On 9/15/20 4:22 PM, Jason Gunthorpe wrote:
On Tue, Sep 15, 2020 at 05:33:30PM -0400, Peter Xu wrote:
RDMA doesn't ever use !WRITE
I'm guessing #5 is the issue, just with a different ordering. If the
#3 pin_user_pages() preceeds the #2 fork, don't we get to the same #5?
Right, but only if without MADV_DONTFORK?
Yes, results are that MADV_DONTFORK resolves the issue for initial
tests. I should know if a bigger test suite passes in a few days.

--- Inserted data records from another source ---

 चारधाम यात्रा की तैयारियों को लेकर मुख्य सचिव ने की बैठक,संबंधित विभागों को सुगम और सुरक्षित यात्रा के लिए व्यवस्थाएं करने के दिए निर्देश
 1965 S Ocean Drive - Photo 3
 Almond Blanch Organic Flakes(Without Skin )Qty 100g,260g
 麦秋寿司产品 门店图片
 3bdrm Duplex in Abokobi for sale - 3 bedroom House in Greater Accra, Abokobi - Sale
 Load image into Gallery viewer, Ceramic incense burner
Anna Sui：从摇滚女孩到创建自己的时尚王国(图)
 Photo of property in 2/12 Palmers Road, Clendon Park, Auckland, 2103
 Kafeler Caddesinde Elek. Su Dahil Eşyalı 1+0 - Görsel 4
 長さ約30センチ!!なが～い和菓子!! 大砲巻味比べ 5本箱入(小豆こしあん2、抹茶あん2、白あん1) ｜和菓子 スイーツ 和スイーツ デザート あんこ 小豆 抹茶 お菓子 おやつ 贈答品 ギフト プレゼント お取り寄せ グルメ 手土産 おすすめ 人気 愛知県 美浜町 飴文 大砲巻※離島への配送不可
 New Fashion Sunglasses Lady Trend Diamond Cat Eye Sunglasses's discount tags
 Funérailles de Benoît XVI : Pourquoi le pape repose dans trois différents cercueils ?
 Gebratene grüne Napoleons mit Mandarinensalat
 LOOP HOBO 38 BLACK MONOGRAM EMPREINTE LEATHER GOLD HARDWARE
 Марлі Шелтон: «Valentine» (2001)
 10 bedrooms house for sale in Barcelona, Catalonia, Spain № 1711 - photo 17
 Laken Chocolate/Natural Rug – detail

If this is a problem, we may still need the fix patch (maybe not as urgent as
before at least). But I'd like to double confirm, just in case I miss some
obvious facts above.
I'm worred that the sudden need to have MAD_DONTFORK is going to be a
turn into a huge regression. It already blew up our first level of
synthetic test cases. I'm worried what we will see when the
application suite is run in a few months :\
For my own preference I'll consider changing kernel behavior if the impact is
still under control (the performance report of 30%+ boost is also attractive
after the simplify-cow patch). The other way is to maintain the old reuse
logic forever, that'll be another kind of burden. Seems no easy way on either
side...
It seems very strange that a physical page exclusively owned by a
process can become copied if pin_user_pages() is active and the
process did fork() at some point.
Could the new pin_user_pages() logic help here? eg the
GUP_PIN_COUNTING_BIAS stuff?
Could the COW code consider a refcount of GUP_PIN_COUNTING_BIAS + 1 as
being owned by the current mm and not needing COW? The DMA pin would
be 'invisible' for COW purposes?
Please do be careful to use the API, rather than the implementation. The
FOLL_PIN refcounting system results in being able to get a "maybe
DMA-pinned", or a "definitely not DMA-pinned", via this API call:
static inline bool page_maybe_dma_pinned(struct page *page)
...which does *not* always use GUP_PIN_COUNTING_BIAS to provide that
answer.
thanks,
--
John Hubbard
NVIDIA